Diese drei Schritte lassen sich möglicherweise am einfachsten erklären, wenn man sich anschaut, wie Schwarmintelligenz auf den Bereich des Wissensgebiets der Roboter und ihrer Technik (Robotik) angewendet wird. Wissenschaftler beobachten zu aller erst einmal die Natur und versuchen das Gelernte dann auf Maschinen anzuwenden. Die einzelnen Geräte, aus denen der Roboterschwarm besteht, sind jeweils mit Kameras, Radarsystemen, Sonaren oder anderen Sensoren ausgestattet, welche ständig Informationen über die Umgebung sammeln. Wenn nun eines dieser agentenbasierte Schwarmgeräte die gesammelten Informationen mit den anderen Geräten in der Gruppe teilt, ermöglicht dies den einzelnen Geräten, als Gruppe zu fungieren.

Es gibt sie aber nicht nur in der Theorie, sondern es gibt eine Vielzahl von realen Anwendungen von Schwarmintelligenz. Wissenschaftler haben das Stadium der Theorie längst überschritten und ihre Forschungen zeigen große Fortschritte auf dem Gebiet der Schwarmintelligenz. So beispielsweise im militärischen Bereich bei besonderen Militäroperationen. Wenn Such- und Rettungseinsätzen in zerstörten Gebieten stattfinden, werden mittlerweile schon winzige, drohnenähnliche Kameras so programmiert und eingestellt, dass sie als eine Einheit mit höchster Effektivität zusammenarbeiten, um hochsensible Aufgaben wie die Suche nach Überlebenden an gefährlichen Orten auszuführen.
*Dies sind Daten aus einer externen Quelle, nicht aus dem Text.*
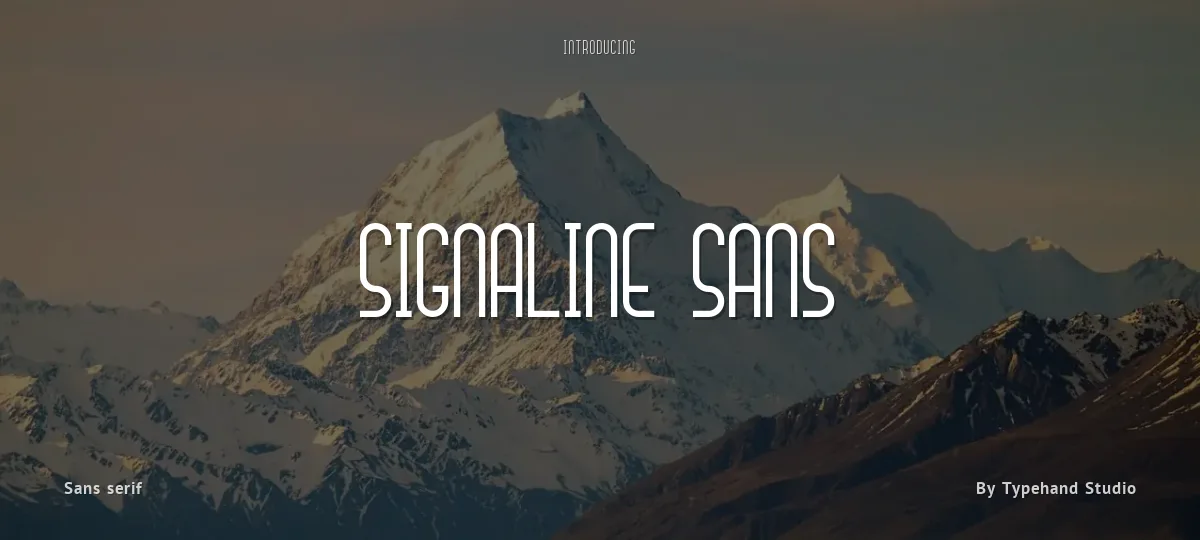 Signaline Sans font preview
Auch im Personalwesen und bei der Rekrutierung spielt Schwarmintelligenz häufig eine wichtige Rolle. Bei der Rekrutierung von Mitarbeitern folgen Unternehmen den Prinzipien von Insekten bei der Nahrungssuche. Gruppenrekrutierung ist jeweils in den Bereichen effektiv, wo der Wettbewerb gering und der Arbeitsmarkt nicht allzu groß ist. Mit einer solchen Massenrekrutierungsstrategie können Unternehmen die besten Talente finden und einstellen, noch bevor andere Wettbewerber auftauchen und das Lohnniveau erhöhen. Ein weiteres Beispiel ist der Telekommunikationssektor. Bevor Anrufe ihr endgültiges Ziel erreichen, durchlaufen sie eine Vielzahl von Zwischenknoten, was in einer Überlastung enden kann. Durch die intelligente Anwendung von digitalen Ameisen, die über die nicht überlasteten Netzwerke gesendet werden können, kann der Datenverkehr in den Telekommunikationszentren über andere Wege umgeleitet werden, wodurch effektiv Verzögerungen vermieden werden können. Für jedes Unternehmen, das seinen Wettbewerbsvorteil sichern möchte, ist die sich verändernde Dynamik dieses aufstrebenden Bereichs der Schwarmintelligenz äußerst entscheidend, um ein Unternehmen wettbewerbsfähig am Markt zu halten.